• [EXERCISE AIM]:
Please print the entries below exactly, from the line with "Apartamento de 3" through the line with "在很早之前网上有这么一个帖子,大家都在争论周杰伦有没有胸毛,双方", including both of those lines and leaving out all others.

• [MATERIAL PROVIDED]:

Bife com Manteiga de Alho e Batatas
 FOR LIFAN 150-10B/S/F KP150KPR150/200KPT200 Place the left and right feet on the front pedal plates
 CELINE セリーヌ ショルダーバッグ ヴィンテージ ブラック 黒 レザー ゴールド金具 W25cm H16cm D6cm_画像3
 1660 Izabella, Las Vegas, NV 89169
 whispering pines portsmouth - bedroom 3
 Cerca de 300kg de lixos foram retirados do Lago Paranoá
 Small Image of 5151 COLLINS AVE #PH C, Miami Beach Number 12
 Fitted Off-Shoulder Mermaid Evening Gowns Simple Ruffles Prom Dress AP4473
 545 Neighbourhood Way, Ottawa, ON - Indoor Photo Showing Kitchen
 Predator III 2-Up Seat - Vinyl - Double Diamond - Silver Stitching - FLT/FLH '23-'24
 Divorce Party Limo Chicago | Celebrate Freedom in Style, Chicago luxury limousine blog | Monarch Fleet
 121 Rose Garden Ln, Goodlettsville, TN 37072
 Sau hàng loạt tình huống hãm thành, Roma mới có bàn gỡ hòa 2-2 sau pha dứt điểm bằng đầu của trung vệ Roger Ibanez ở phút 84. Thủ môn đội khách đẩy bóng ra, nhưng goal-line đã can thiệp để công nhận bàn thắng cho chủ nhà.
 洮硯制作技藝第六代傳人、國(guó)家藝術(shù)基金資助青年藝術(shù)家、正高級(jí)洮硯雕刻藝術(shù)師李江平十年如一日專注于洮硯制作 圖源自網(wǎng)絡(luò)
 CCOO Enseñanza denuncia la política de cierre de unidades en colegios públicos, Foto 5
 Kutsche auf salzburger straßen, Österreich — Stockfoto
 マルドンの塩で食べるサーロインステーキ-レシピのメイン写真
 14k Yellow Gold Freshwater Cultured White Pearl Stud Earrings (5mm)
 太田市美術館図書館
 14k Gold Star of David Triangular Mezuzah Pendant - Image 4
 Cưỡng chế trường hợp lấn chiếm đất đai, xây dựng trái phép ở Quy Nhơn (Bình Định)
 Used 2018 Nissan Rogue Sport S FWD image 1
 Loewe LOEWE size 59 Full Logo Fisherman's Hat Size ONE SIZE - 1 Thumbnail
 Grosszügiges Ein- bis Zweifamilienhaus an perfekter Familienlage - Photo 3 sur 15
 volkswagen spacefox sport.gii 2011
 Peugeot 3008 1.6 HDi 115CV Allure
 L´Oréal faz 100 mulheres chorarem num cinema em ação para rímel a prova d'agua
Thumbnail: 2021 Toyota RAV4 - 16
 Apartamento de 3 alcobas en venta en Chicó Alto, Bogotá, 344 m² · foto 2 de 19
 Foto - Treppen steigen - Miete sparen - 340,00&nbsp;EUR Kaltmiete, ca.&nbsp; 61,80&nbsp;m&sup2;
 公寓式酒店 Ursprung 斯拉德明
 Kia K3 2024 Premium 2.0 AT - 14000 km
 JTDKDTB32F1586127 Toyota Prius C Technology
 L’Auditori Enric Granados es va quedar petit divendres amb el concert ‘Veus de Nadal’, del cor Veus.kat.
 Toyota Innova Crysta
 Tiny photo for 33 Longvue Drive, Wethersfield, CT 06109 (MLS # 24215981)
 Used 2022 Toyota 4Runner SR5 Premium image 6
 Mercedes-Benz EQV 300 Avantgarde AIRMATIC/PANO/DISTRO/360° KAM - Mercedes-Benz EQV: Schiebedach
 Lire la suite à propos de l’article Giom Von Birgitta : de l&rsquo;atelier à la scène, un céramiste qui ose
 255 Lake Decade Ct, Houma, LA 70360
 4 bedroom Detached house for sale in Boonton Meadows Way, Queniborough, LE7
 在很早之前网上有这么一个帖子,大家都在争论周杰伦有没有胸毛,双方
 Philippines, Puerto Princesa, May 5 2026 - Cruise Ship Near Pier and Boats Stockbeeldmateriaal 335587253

• [RESULT]:
 Apartamento de 3 alcobas en venta en Chicó Alto, Bogotá, 344 m² · foto 2 de 19
 Foto - Treppen steigen - Miete sparen - 340,00&nbsp;EUR Kaltmiete, ca.&nbsp; 61,80&nbsp;m&sup2;
 公寓式酒店 Ursprung 斯拉德明
 Kia K3 2024 Premium 2.0 AT - 14000 km
 JTDKDTB32F1586127 Toyota Prius C Technology
 L’Auditori Enric Granados es va quedar petit divendres amb el concert ‘Veus de Nadal’, del cor Veus.kat.
 Toyota Innova Crysta
 Tiny photo for 33 Longvue Drive, Wethersfield, CT 06109 (MLS # 24215981)
 Used 2022 Toyota 4Runner SR5 Premium image 6
 Mercedes-Benz EQV 300 Avantgarde AIRMATIC/PANO/DISTRO/360° KAM - Mercedes-Benz EQV: Schiebedach
 Lire la suite à propos de l’article Giom Von Birgitta : de l&rsquo;atelier à la scène, un céramiste qui ose
 255 Lake Decade Ct, Houma, LA 70360
 4 bedroom Detached house for sale in Boonton Meadows Way, Queniborough, LE7
 在很早之前网上有这么一个帖子,大家都在争论周杰伦有没有胸毛,双方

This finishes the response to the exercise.